WeWork’s 7.875 per cent note due in May 2025 fell 2.25 cents on the dollar to a bid of 74 cents.

Nov 15, 2019, 09.59 AM IST
WeWork’s junk bond price dropped and its risk premium shot to a record high on Thursday following a report that its main backer still hasn’t delivered on a plan to buy $3 billion (£2.34 billion) of stock from existing shareholders.

The Real Deal, citing anonymous sources, said Japan’s SoftBank Corp (9434.T) has yet to commence the tender offer that was part of a $9.5 billion rescue package for the money-losing shared-office operator.

An investor who requested anonymity confirmed to Reuters that there have been delays, but he had no more details.

“(The delays) will likely be resolved,” the investor said in a text, asking not to be named because the discussions between investors and SoftBank were confidential. “Lots of anxiety.”

The We Company, owner of WeWork, told bondholders on Wednesday net losses in the third quarter more than doubled to $1.25 billion as it added a record number of desks to its global network but was unable to control rising costs.

SoftBank agreed in October to the rescue package that would result in it owning almost 78 per cent of WeWork if the tender were fully subscribed, according to a presentation to bondholders reviewed by Reuters.

The tender was supposed to have begun five business days after an initial payment of $1.5 billion to WeWork was in place, The Real Deal said, citing a letter from SoftBank to WeWork investors.
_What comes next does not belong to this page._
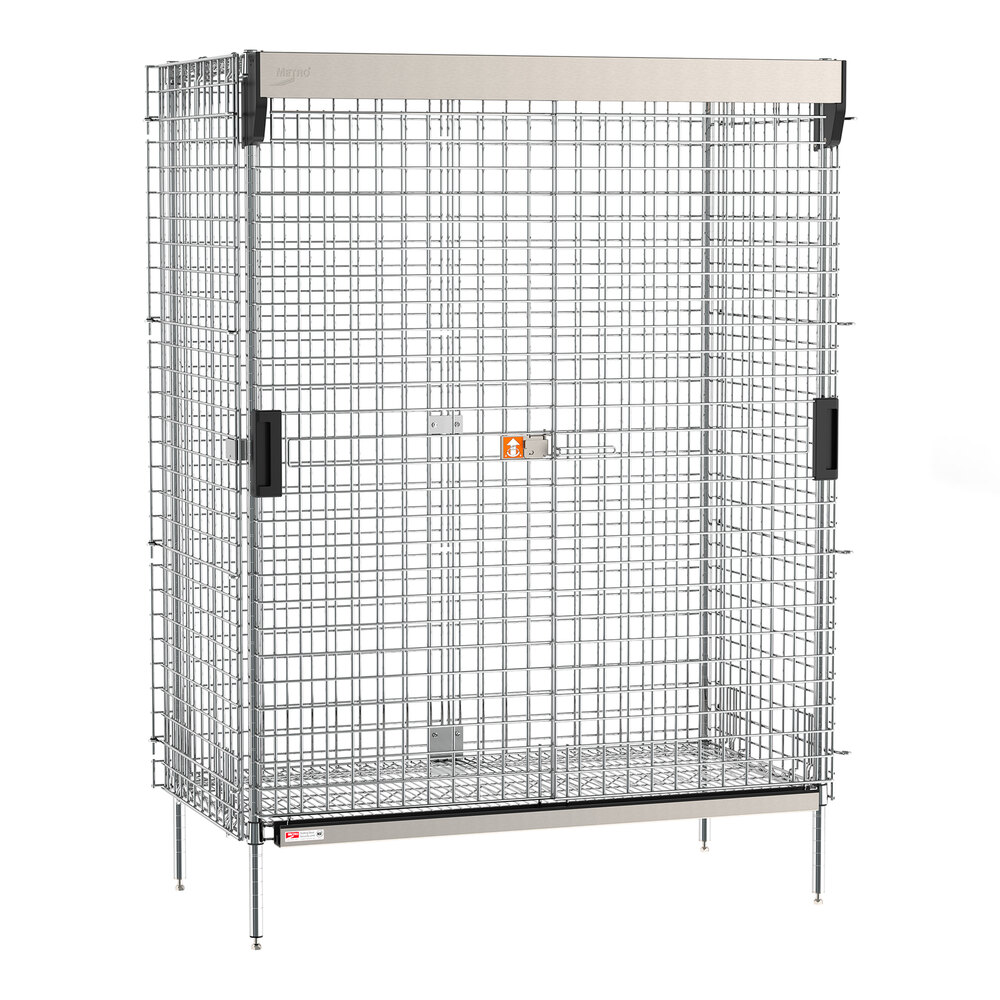 Metro SEC55C-SL Super Erecta 28 1/2" x 50 1/2" x 66 13/16" Chrome Stationary Security Unit with SlideSecure Sliding Doors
The payment was made on Oct. 30, but sources told the publication that no tender offer has been extended.

WeWork’s 7.875 per cent note due in May 2025 fell 2.25 cents on the dollar to a bid of 74 cents, according to Refinitiv data.

The bond now yields a record 15.02 per cent and its spread, a measure of the premium investors demand for the added risk of holding WeWork’s bond rather than safer securities like U.S. Treasury debt, widened to a record 13.40 percentage points.

Losses have widened at WeWork as costs have outpaced the company’s breakneck expansion, which new management aims to curb after a disastrous effort to go public was shelved in September.

A pipeline of existing leasing commitments suggests WeWork’s rapid growth will likely continue into 2020.